### [Work request]
Leave every picture out and give back the lines below from the first through the line that holds "Herbstfest am Tor", exactly as written.

── Information given ──

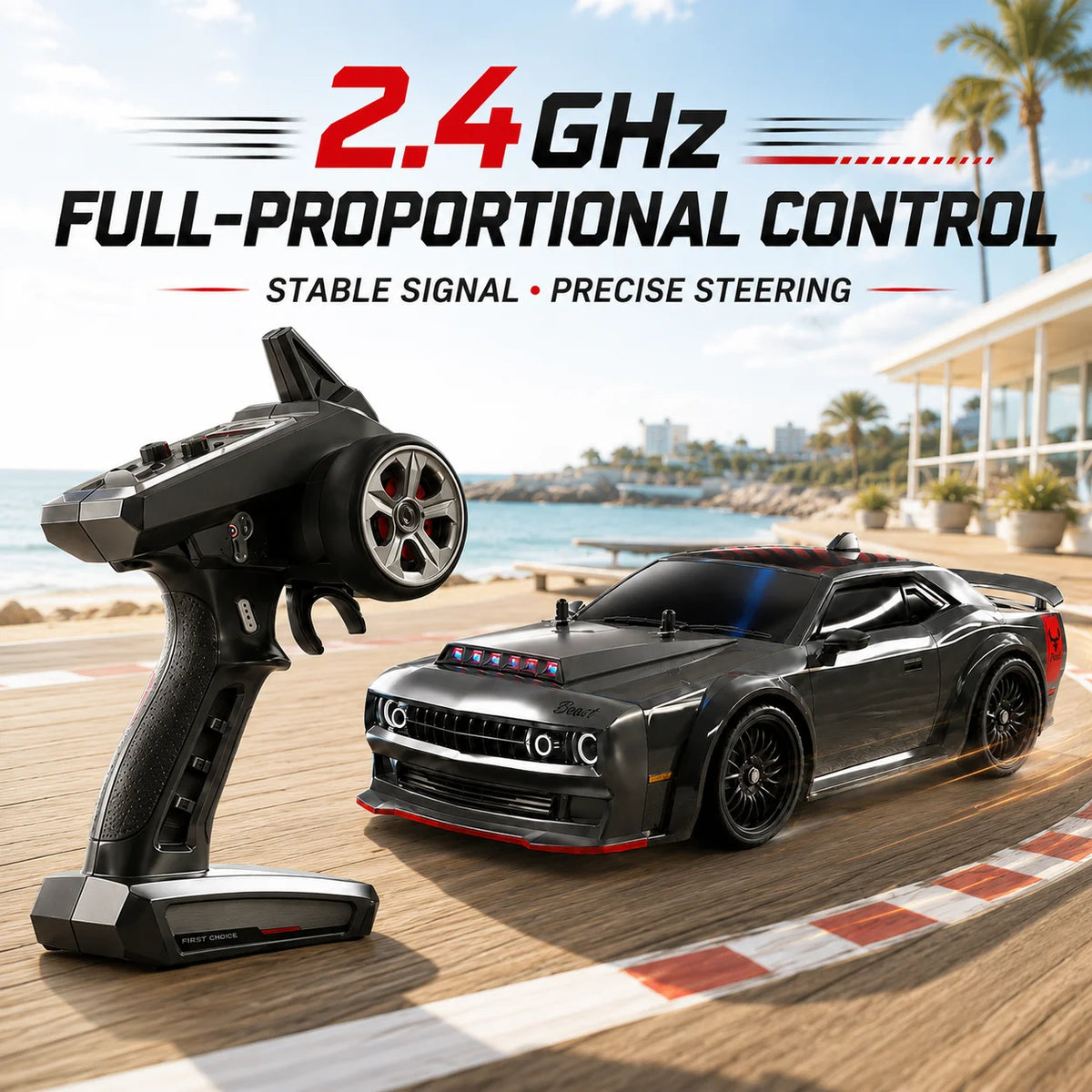 ZNLYRION Brushless 4WD Remote Control Drift Racing Car With Lights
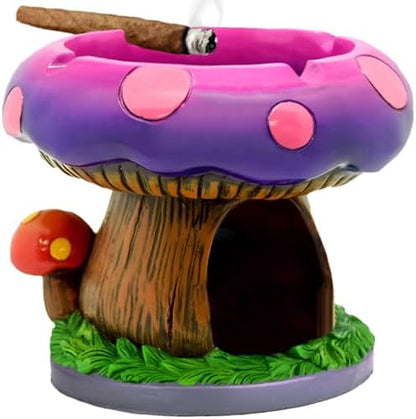 Fantastical Mushroom House Ashtrays by YukaBa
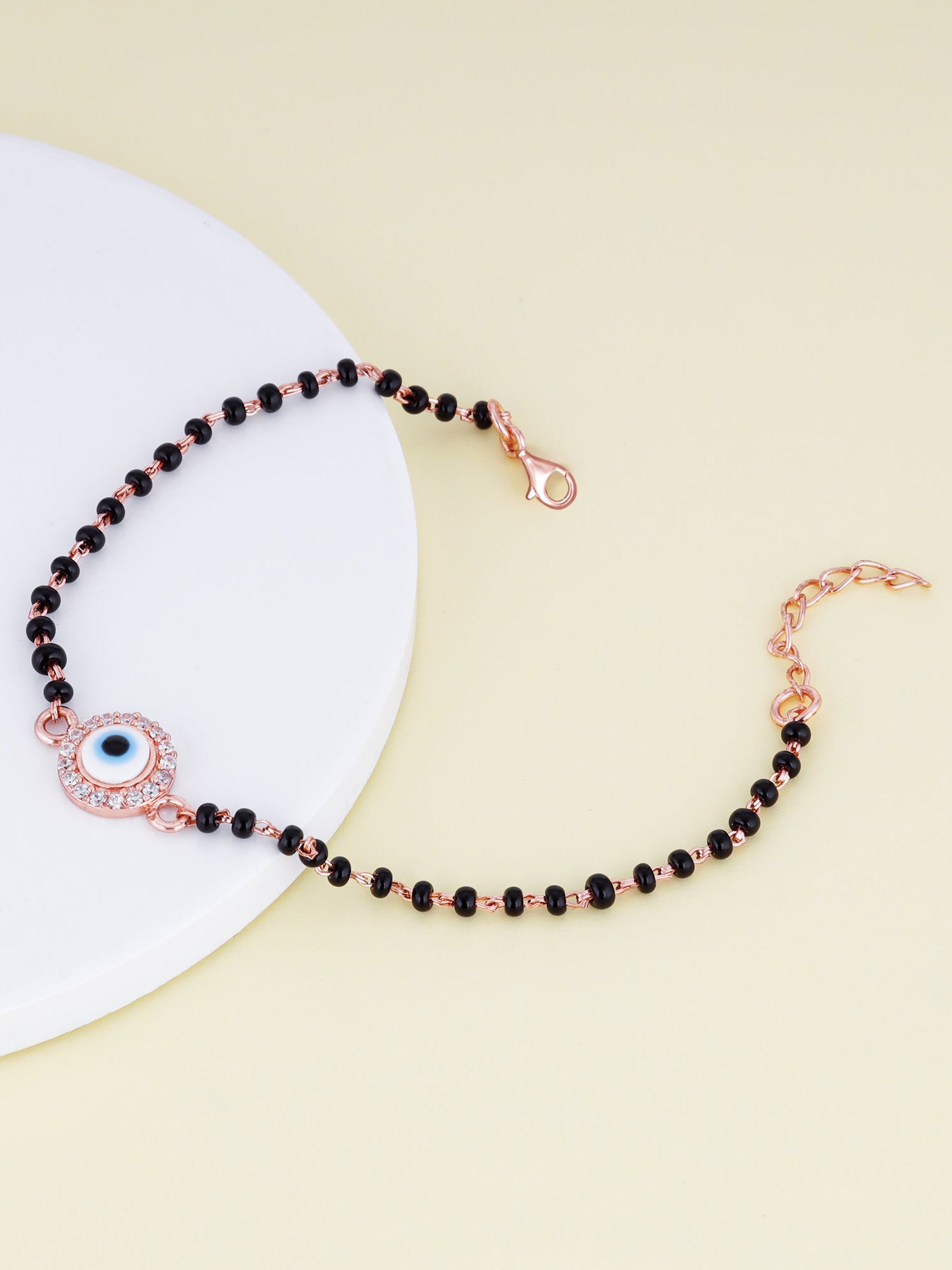 Rose Gold Protected Love Mangalsutra Bracelet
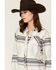 Image #2 - Idyllwind Women's Mayfair Southwestern Plaid Print Long Sleeve Pearl Snap Flannel Shirt, Dusty Blue, hi-res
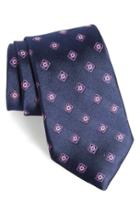 Men's Nordstrom Men's Shop Bright Neat Silk Tie, Size - Blue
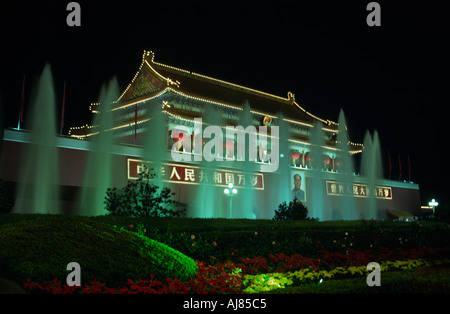 Herbstfest am Tor des himmlischen Friedens, dem Tiananmen-Platz, Peking, Volksrepublik China Stockfoto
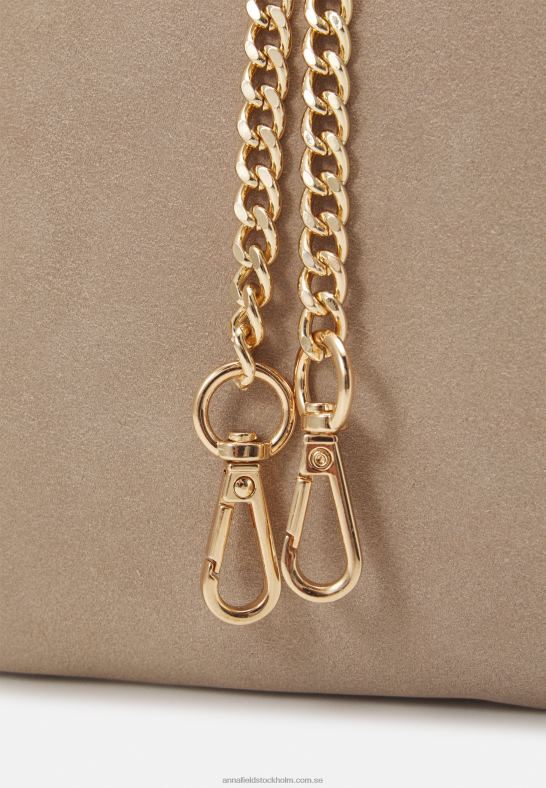 läder koppling taupe Anna Field 42BF62415 kvinnor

───

### [Result for this task]
 ZNLYRION Brushless 4WD Remote Control Drift Racing Car With Lights
 Fantastical Mushroom House Ashtrays by YukaBa
 Rose Gold Protected Love Mangalsutra Bracelet
 Image #2 - Idyllwind Women's Mayfair Southwestern Plaid Print Long Sleeve Pearl Snap Flannel Shirt, Dusty Blue, hi-res
 Men's Nordstrom Men's Shop Bright Neat Silk Tie, Size - Blue
 Herbstfest am Tor des himmlischen Friedens, dem Tiananmen-Platz, Peking, Volksrepublik China Stockfoto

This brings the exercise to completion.